Prove: State written through the lowest-level struct path survives a drop-and-reopen boundary.

For sled-backed subsystems: write through the struct's storage adapter, drop the struct (releases the sled file lock), reopen via SledStore::open, read back.

For snapshot-backed subsystems: write through the struct, call export_state()save_snapshot(), drop the struct, call load_snapshot()restore_state(), read back.

What it proves: The serialization path is correct end-to-end. No data lives only in in-memory caches.

Assertion type: Exact field values on the read-back struct.


Layer 2 — Production Handle Path

Prove: State written through the production access pattern (actor handle, Arc<RwLock<T>>, etc.) produces the same persisted state as Layer 1.

This matters because the production path often goes through intermediate types (GossipHandle, GovernanceHandle, store-backed wrapper structs) that could diverge from the bare struct path.

What it proves: No divergence between "direct struct test path" and "production handle path."

Assertion type: Same three invariants as Layer 1, reached via the handle access pattern (write guard, read guard, etc.).

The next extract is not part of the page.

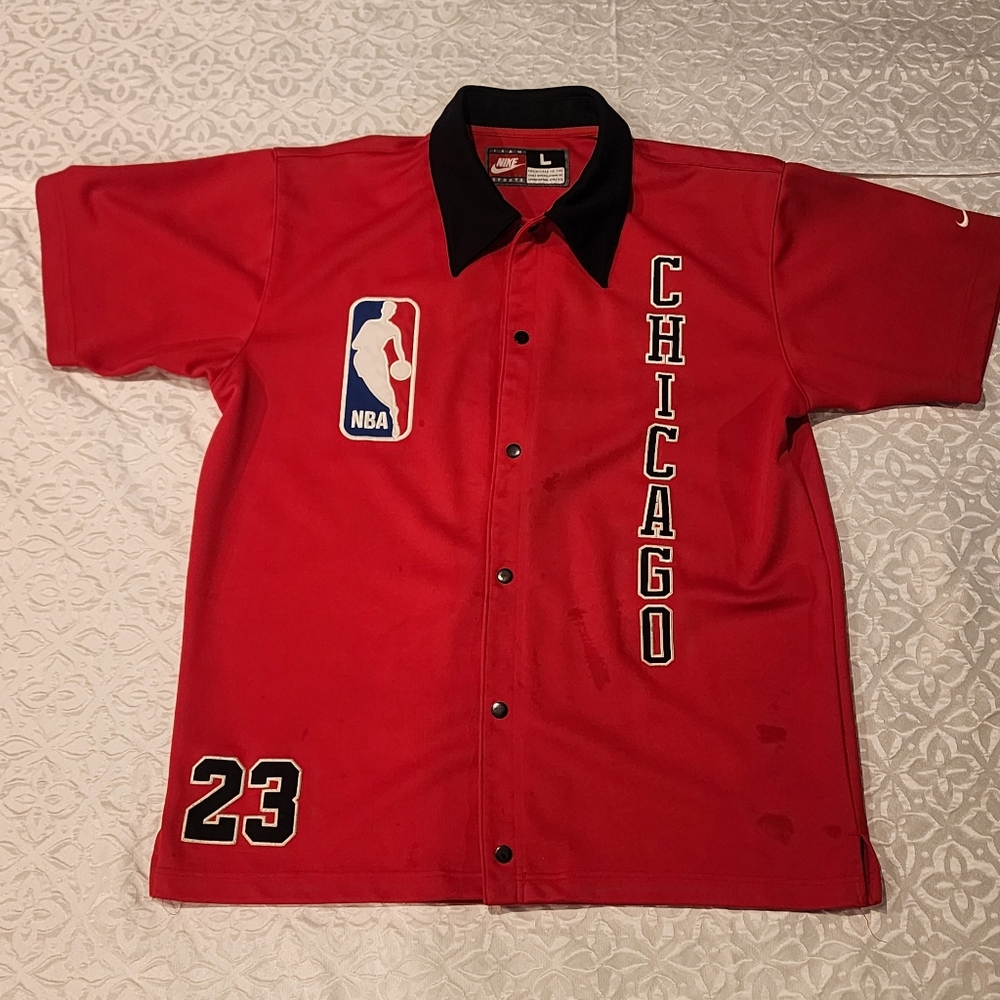 NIKE - NBA Micheal Jordan Button Up Jersey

Layer 3 — Same-Runtime Lifecycle Boundary

Prove: State survives a same-runtime lifecycle boundary: the original handle is fully dropped (all Arc refs released, actor memory reclaimed), the snapshot or sled file on disk is the only bridge, and a brand-new handle created in the same Tokio runtime restores exact state.

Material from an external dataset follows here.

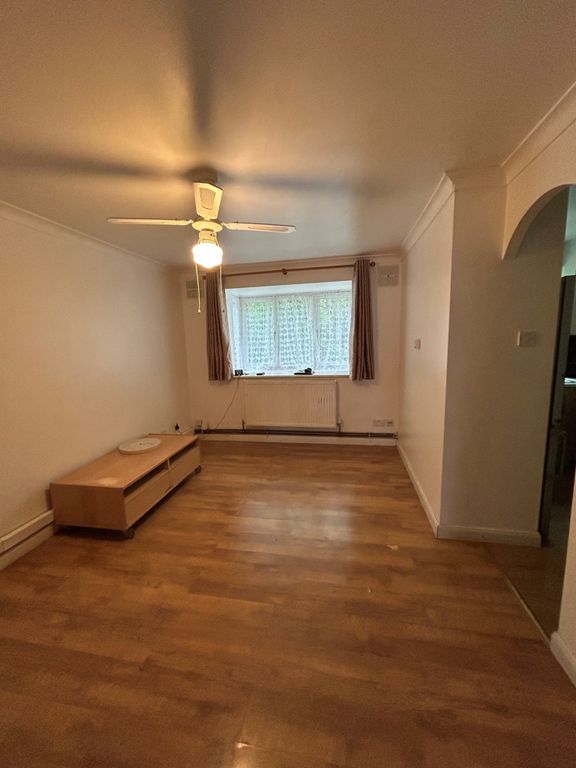 Property photo 3 of 5 Living Room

For actors with background tasks (governance scheduler): call handle.shutdown().await before dropping. This must be deterministic — no sleep, no yield_now.

For handles without background tasks (gossip, ledger service): dropping the Arc is sufficient.

What it proves: The shutdown → restart cycle is clean. File locks are released. The disk artifact (sled db or JSON snapshot) is sufficient to reconstruct state.

Assertion type: Same invariants as L1/L2, asserted through the fresh handle's read accessor.


Layer 4 — Cross-Process Boundary

Prove: State written in one OS process is readable in a completely fresh OS process. No shared memory. No shared Tokio runtime. True process-boundary restart.

Implementation pattern:

  1. Add a helper binary src/bin/<subsystem>_restart_helper.rs with two modes:

    • write <data_dir> — builds state through the production path, persists, prints identifying tokens to stdout (e.g. hash, DID, CID), exits 0.
    • read <data_dir> <token...> — opens fresh storage, restores, asserts exact invariants, exits 0 or 1.
  2. Write an integration test that:

    • Spawns the write subprocess
    • Asserts exit 0, parses stdout
    • Spawns the read subprocess with the parsed tokens
    • Asserts exit 0
  3. Use env!("CARGO_BIN_EXE_<name>") for the binary path — Cargo sets this automatically when building test binaries in the same package.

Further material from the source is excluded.